Ausserdem besteht das ukrainische Militär seit dem 24. Februar 2022 zu einem grossen Teil aus Personen, die noch «vor wenigen Wochen» einen herkömmlichen Job ohne Bezug zum Militär hatten. Und genau diesen Personen passe die Haltung «Ich bin der Chef, du bist ein Dummkopf», wie sie einige Kommandanten haben, überhaupt nicht.
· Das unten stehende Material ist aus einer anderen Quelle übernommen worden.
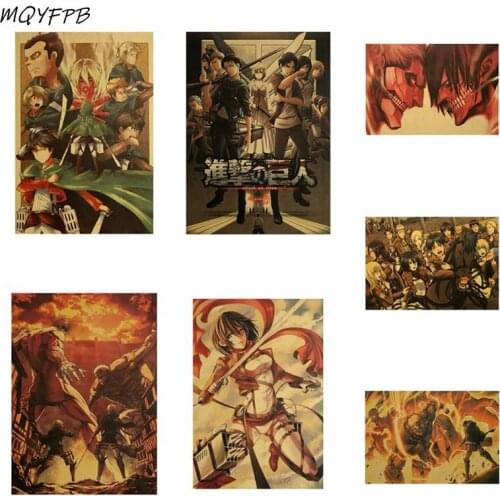 Anime Attack On Titan Collection Kraft paper Poster Home Decoration Painting Wall Sticker 50.5x35cm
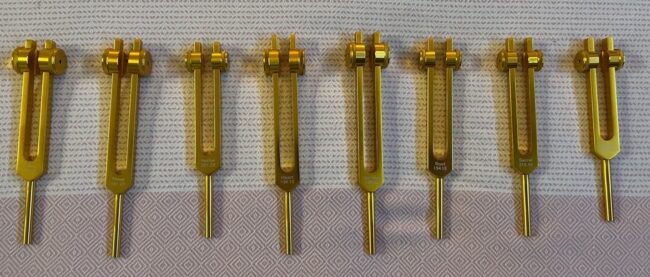 TuningForks-Weighted Weighted Tuning Forks courtesy of Jennifer Knowles, Blessed Be Bodyworks, Longmont, CO
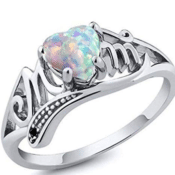 Amazon: Women's Opal Heart Mom Ring $1.87 + Free Shipping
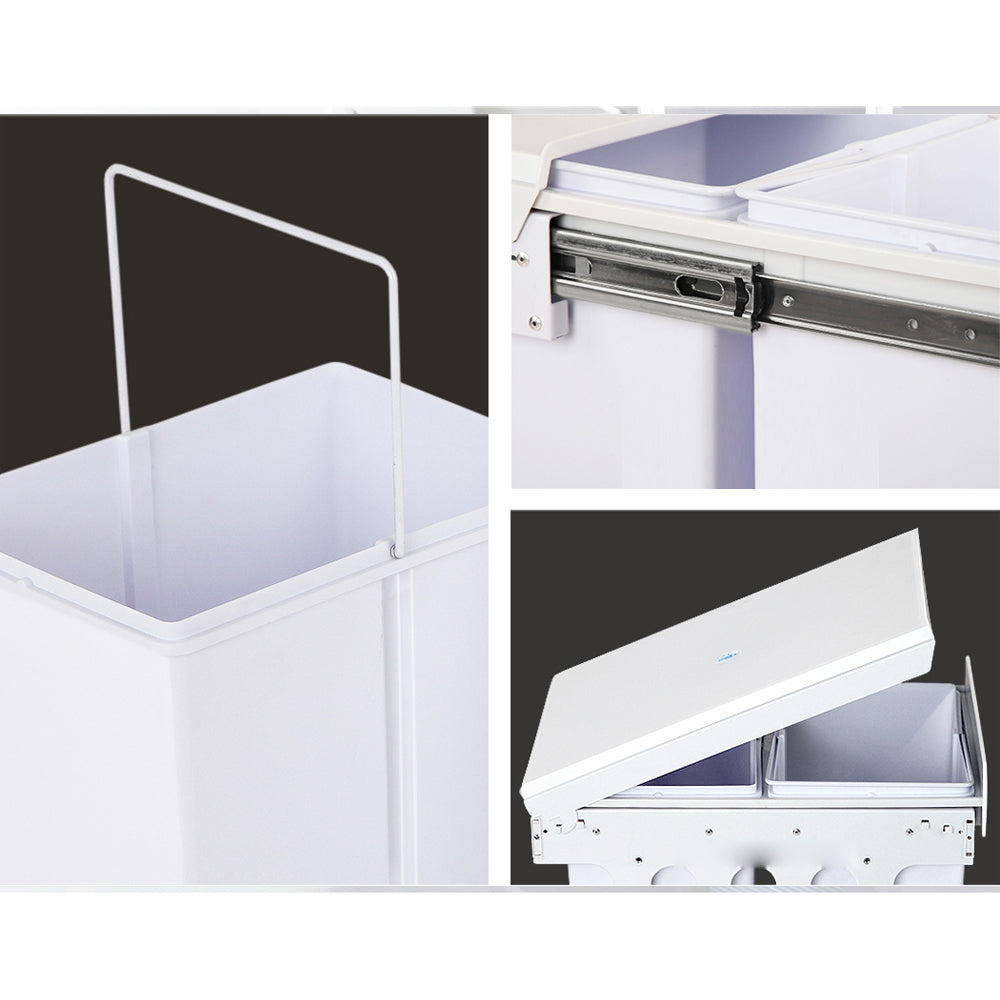 Plastic Frame Pull Out Bin - White - 2x15L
Kein richtiger Zusammenhalt
Gerade weil in der ukrainischen Armee viele Menschen kämpfen, die vor kurzem noch «normale Zivilisten» waren, soll keine solidarische Verbundenheit herrschen. Es herrsche eine «organisatorische Arroganz, wobei einige Teile des Militärs als besser oder wichtiger angesehen werden als andere», so Grant.
Fehlende Kommunikation
Um effektiv zu sein, sei Kommunikation enorm wichtig. Doch gerade jetzt käme es vor, dass mehrere Einheiten in einem Gebiet kämpfen würden, ohne voneinander zu wissen. «Ohne klare geografische Grenzen kann kein Kommandant sicher sein, bis wohin seine Befehle gelten», so Grant. Genau an diesen Grenzen soll es bei den Ukrainern aber mangeln. Und das kann fatale Folgen haben, berichtet der Ex-Oberst. «Ich sprach an Weihnachten mit dem Angehörigen eines ukrainischen Bataillons, der mir berichtete, dass seine Einheit zweimal auf ukrainische Spezialkräfte geschossen habe und beinahe auch noch auf eine andere Einheit.»
Schlechte Ausbildung
Die Infanterie bildet das Rückgrat einer Armee. Speziell bei diesen Truppen, aber auch im Allgemeinen, soll die Ausbildung von ukrainischen Soldaten ungenügend sein. Die Trainingseinheiten sind laut dem Ex-Oberst «ein Chaos mit einem Mix aus Sowjet-Zeiten, dem Nato-System und Improvisation».
Langsamer Verwaltungsapparat
Weil innerhalb der ukrainischen Armee immer noch ein bürokratisches System mit vielen Regeln herrscht, sollen in der Vergangenheit wichtige Entscheidungen oftmals erst mit viel Verspätung getroffen worden sein.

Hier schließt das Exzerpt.